Avukat Uzun, Halkbank’ın Anayasa Mahkemesi’ne başvuru yolunun açılmasındaki en önemli nedenin şimdiye kadar yasayla ilgili farklı temyiz mahkemelerinde alınan farklı kararlar için bir emsal oluşmasını sağlamak olduğunu da belirtti.
Uzun, “Halkbank, New York’taki federal mahkeme ve istinaf mahkemesi sürecinden sonra aleyhine çıkan kararlar sonrasında son seçeneği olan Anayasa Mahkemesi’ne temyiz hakkını kullanmak için müracaata bulundu. Talebi değerlendiren İkinci Bölge Temyiz Mahkemesi, Halkbank'ın ABD Anayasa Mahkemesi'ne başvurusunu kabul etti. Anayasa Mahkemesi’nin başvuruyu kabul etmesinin en büyük nedeni, Egemen Yabancı Devletler Yasası'nın, ceza yargılamalarında uygulanıp uygulanmayacağı konusunda farklı istinaf mahkemelerinin farklı yönde karar vermesidir. Anayasa Mahkemesi’nin Halkbank’ın davasında vereceği karar, ABD’de Egemen Yabancı Devlet Dokunulmazlığı Yasası'nda şimdiye kadar alınan kararlar için bir içtihadı birleştirme kararı niteliği oluşturacak” dedi.
ABD Anayasa Mahkemesi’nde dava süreci nasıl işliyor?
Yapılan binlerce başvuru arasından bir takvim yılında sadece 60 ile 80 arasında başvuruyu kabul edip planlamasına alan ABD’nin en yüksek mahkemesinde, bir davayla ilgili yargı süreci şöyle işliyor:
ABD Anayasa Mahkemesi, dava başvurularını titizlikle değerlendirip inceledikten sonra takvimine alıp almayacağının kararını veriyor. Yüksek mahkeme heyeti, bunun için önce kendi aralarından bir yargıcı, başvuruyu değerlendirmesi için görevlendiriyor.
Bu yargıcın değerlendirmesini kurula sunmasından sonra mahkeme heyetinde çoğunluk sağlanırsa, başvurunun kabul edilerek takvime alınacağı açıklanıyor.
Mahkeme, kabul ettiği davalarda önce savunmanın yazılı başvurusunu inceliyor; ardından davayla ilgili savcılığın görüşünü istiyor. Dava sürecinde karşılıklı bir yazılı süreç işliyor.
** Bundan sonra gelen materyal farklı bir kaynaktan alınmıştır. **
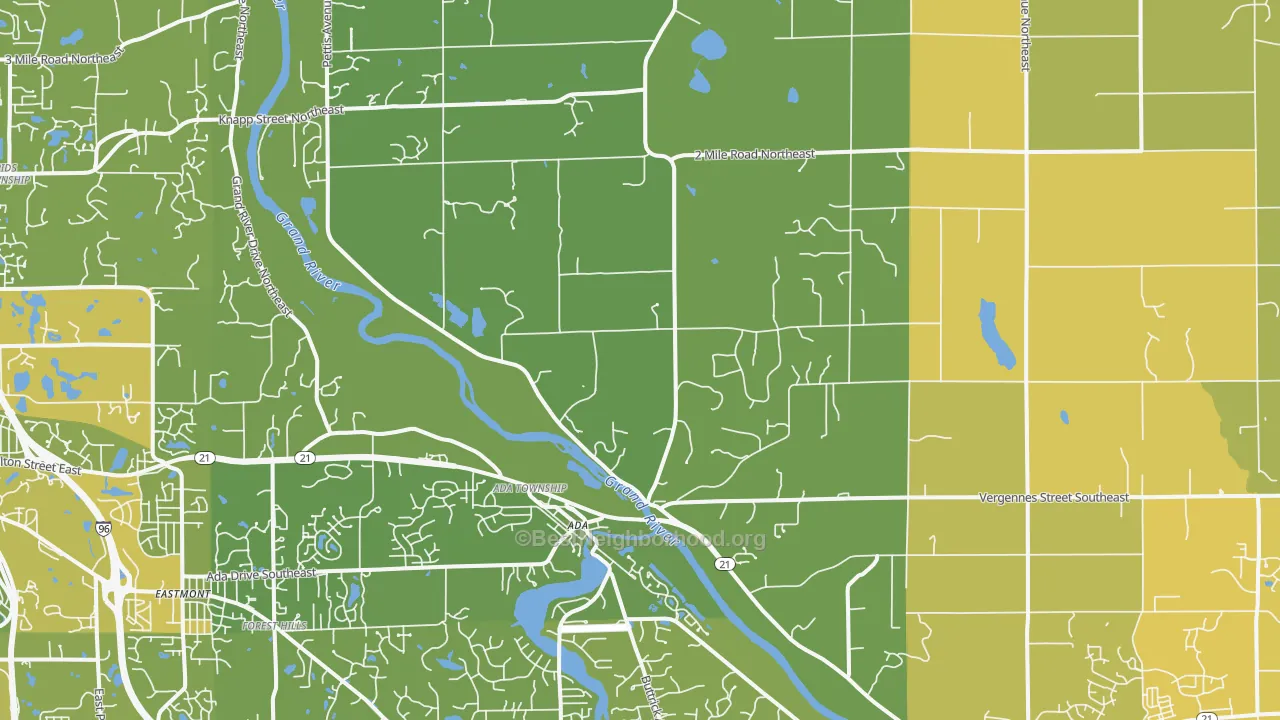 Map of the best neighborhoods in the Ada area, with better matches in green and worse matches in red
Anayasa Mahkemesi, yazılı iddia ve savunmalar devam ederken takvimine göre belirlediği bir günde, kendi aralarında toplanarak dava sürecindeki gelinen son aşamayı değerlendiriyor. Gerekirse taraflardan yeni dilekçeler, ya da alt mahkemelerden belge, bilgi, delil, gizlilik kaydı olan belgeleri talep ediyor.
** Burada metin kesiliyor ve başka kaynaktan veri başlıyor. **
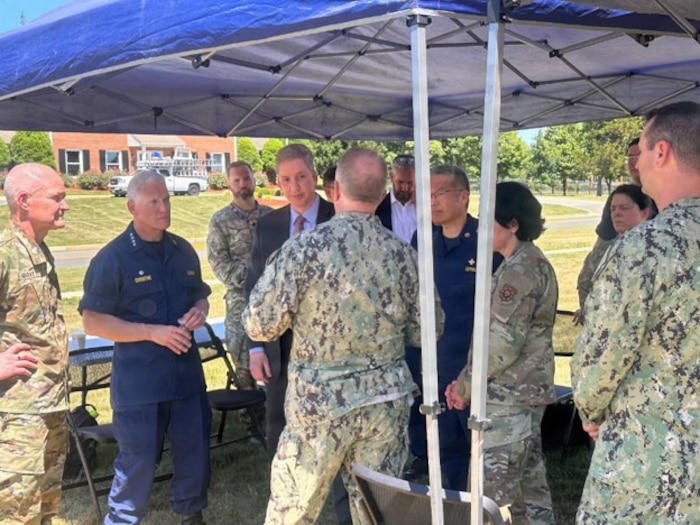Maj. Gen. John Murray, Joint Staff surgeon, Adm. Brian Christine, assistant secretary for Health and head of the U.S. Public Health Service Commissioned Corps and the Honorable Keith Bass, assistant secretary of defense for Health Affairs, receive briefs during an Ebola response training visit June 5, 2026, Omaha, Neb. “The C-STARS team has been an invaluable partner in preparing our officers for the 2026 Ebola response mission in Kenya,” Schobitz said. “Their operational expertise and commitment to continuously refining training based on real-world conditions ensure our U.S. Public Health Service officers are ready to care for American citizens and respond effectively in one of the world's most challenging public health environments.” 
(U.S Public Health Service photo by Lt. Cmdr Candace Marshall Humphrey)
Kabul edilen başvurularla ilgili belirlenen takvime göre yapılan duruşmada taraflar dinleniyor. Mahkeme heyeti duruşma sonrasında bazı davalarda yetkilerine dayanarak kararlarını açıklayabiliyor.
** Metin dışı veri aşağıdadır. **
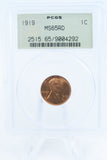1919-P PCGS MS65RD Lincoln Wheat Cent Business Strike 1C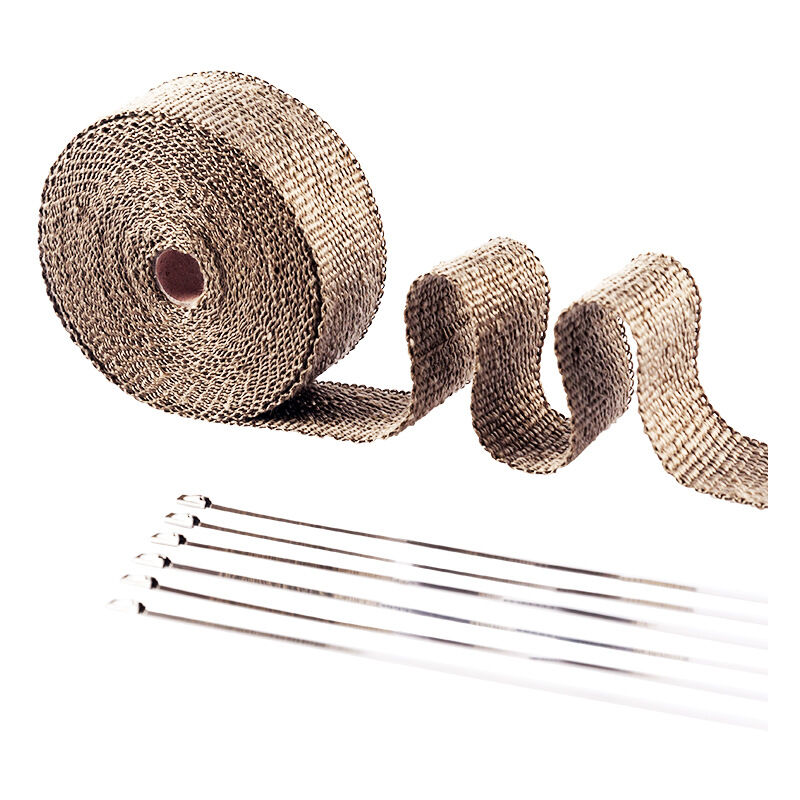 Umnuou - 15M50mm Ruban Isolant Thermique en Titanium Magma + 8 Attaches de Cable en Acier Inoxydable de Noir pour Tuyeau Collecteur Echappement Moto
Anayasa Mahkemesi’nde bir davayla ilgili yapılan duruşma sonrasında, mahkeme heyeti müzakere aşamasına geçiyor. Yargıçlar, davayı fiilen karara bağlamak için ‘konferans’ olarak bilinen karar toplantısını yapıyor.
Anayasa Mahkemesi’nin usullerine göre bu toplantı haftada iki kez, çarşamba ve cuma öğleden sonraları yapılıyor.
Yetkileri fazlasıyla kapsamlı olan yüksek mahkeme, bazı davalarda duruşma sürecinin de sonrasında taraflardan karşılıklı yazılı dilekçeler talep ederek bir süre sonra gerekçeli kararını açıklayabiliyor. Çok nadir olsa da savcılık ve savunma yeniden bir duruşmaya davet ediliyor.
Tüm prosedür tamamlandıktan sonra Anayasa Mahkemesi kararını gerekçeli olarak açıklıyor. Anayasa Mahkemesi, bir davayla ilgili gerekçeli kararını o takvim yılı içinde yayınlıyor.